Auteur d’un seul livre publié de son vivant (Chroniques antérieures, Fata Morgana, 1978), Vincent La Soudière (1939-1993) s’impose peu à peu depuis sa mort comme une voix essentielle de la littérature contemporaine. Proche d’Henri Michaux et de Cioran, avec qui il entretint une correspondance, il eut une vie tourmentée que Sylvia Massias a minutieusement retracée et analysée dans son essai biographique Vincent La Soudière, la passion de l’abîme (éd. du Cerf, 2015). À partir des années 2000, la parution de Brisants (Arfuyen, 2003) puis des trois volumes des Lettres à Didier (éd. du Cerf, 2010, 2012 et 2015) lui valent de rencontrer un écho grandissant.
EXTRAITS DE PRESSE
De Vincent La Soudière, mort en 1993, nous pouvons dire aujourd’hui, grâce au travail exceptionnel de Sylvia Massias, qu’il est notre contemporain capital. Ses mots, ses essais de parole, ses textes ne nous parviennent pas depuis les tribunes obscènes et absurdes de la "vie littéraire" gorgée de vanités odieuses, mais depuis une solitude absolue, une vigie terrible et impérieuse. Ce qui leur donne une force inouïe.
EMMANUEL GODO, La Croix, 22 décembre 2022.
Homme du pressentiment, Vincent La Soudière dessille notre regard pour que nous puissions être à l’écoute du monde. Il prend appui sur ses souffrances intérieures afin de montrer les coutures de la conditions humaines. Ce recueil posthume construit par Sylvia Massias permet de dessiner le visage d’un poète dont la langue épouse toutes les modulations de la voix, du chuchotement au cri, pour s’alarmer de l’état du monde.
PIERRE POLIGONE, Zone critique, 15 décembre 2022.

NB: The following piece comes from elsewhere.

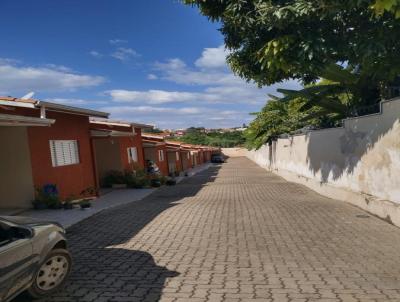 Casa em Condomnio para Venda, em Sorocaba, bairro Jardim Pagliato, 2 dormitrios, 1 banheiro, 1 vaga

La clé de cette pensée ― torturée, baroque, cheminant entre excès et dépouillement, déréliction et délivrance ― réside finalement dans l’attente, intensément vibrante, d’une impossible transfiguration. A la limite du noir, l’appel à la lumière. Au bout du désespoir ultime, la soif vitale d’une métamorphose inouïe, impensable, ineffable, qui ferait « sauter la poudrière du monde ». A la toute fin d’un si long chemin de souffrance, la perte de l’individualité et l’accès à l’universel (« j’ai gagné d’être tout en n’étant plus rien »), avant une délivrance qui ne peut se décrire. Le 5 mai 1993, avant qu’il ne se laisse couler définitivement dans l’eau de la Seine, sa dernière lettre se termine par ces mots : « D’immenses paturages devant moi. Ma vie peut enfin commencer. » L’œuvre se charge de prolonger cette fièvre, dont on commence seulement à soupçonner l’étrangeté et la grandeur.

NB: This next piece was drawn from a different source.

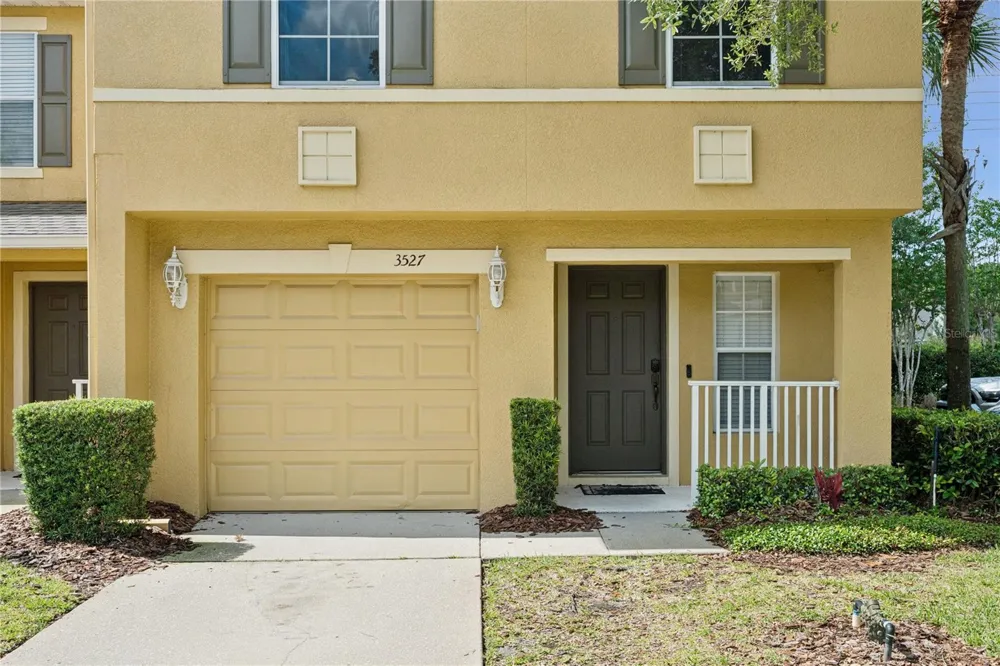 3527 CARUSO PLACE Oviedo, FL 32765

ROGER-POL DROIT, Le Monde des livres, 25 novembre 2022.
JUAN ASENSIO, Stalker, 7 novembre 2022 (La richesse de cette critique, sévère pour notre travail mais très argumentée, ne nous a pas paru permettre d'en détacher un fragment, mais nous y renvoyons avec ce lien).

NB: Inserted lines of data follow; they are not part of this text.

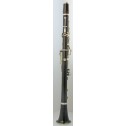 Clarinetto USATO Buffet Crampon mod. C 12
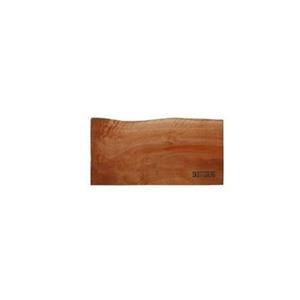 Skottsberg Serveerplank Woodworks 35 x 18 x 3 cm Bruin Hout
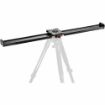 buy Manfrotto Camera Slider 100cm (39.4") in India imastudent.com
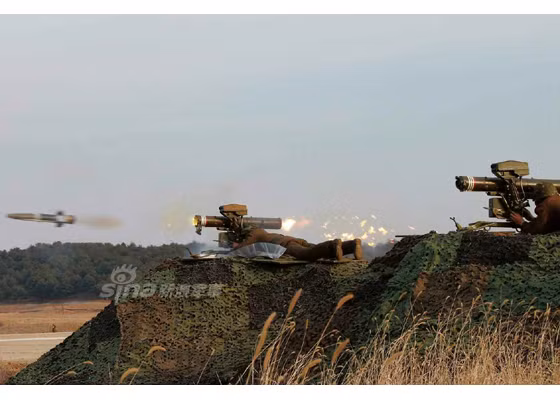 Dù tuyên bố là tự sản xuất nhưng kiểu dáng tên lửa chống tăng mới của Triều Tiên rất giống tổ hợp 9K111 Fagot (NATO gọi là AT-4 Spigot) do Liên Xô sản xuất.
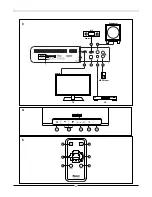 Preview for 29 page of Magnat Audio WSB 25 Important Notes For Installation & Warranty Card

Notre étonnement devant la prose de Vincent La Soudière (1939-1993) est fait d’une simplicité très ancienne. Nous sommes là à la source, non à la cime, dans le royaume de l’étonnement, non dans celui de l’explication, de la glose et du ratiocinement, encore moins du jugement. Altitude zéro. Moment ambigu du face à face inaugural avec la création : effroi et merveille, misère et miracle de la condition de l’homme – moment hautement pascalien s’il en est.(...) Si l’œuvre de cet écrivain secret est peu connue et est restée longtemps presque entièrement inédite, elle s’est imposée peu à peu depuis sa mort comme une voix essentielle de la littérature contemporaine. La difficulté intérieure qui le retenait de quitter le domaine de la virtualité pour oser franchir le pas de la publication l’a amené à se confronter aux limites de la littérature et accomplir un nécessaire dépassement – d’où la force prodigieuse de son style de poète-penseur.
PATRICK CORNEAU, Le Lorgnon mélancolique, 5 novembre 2022.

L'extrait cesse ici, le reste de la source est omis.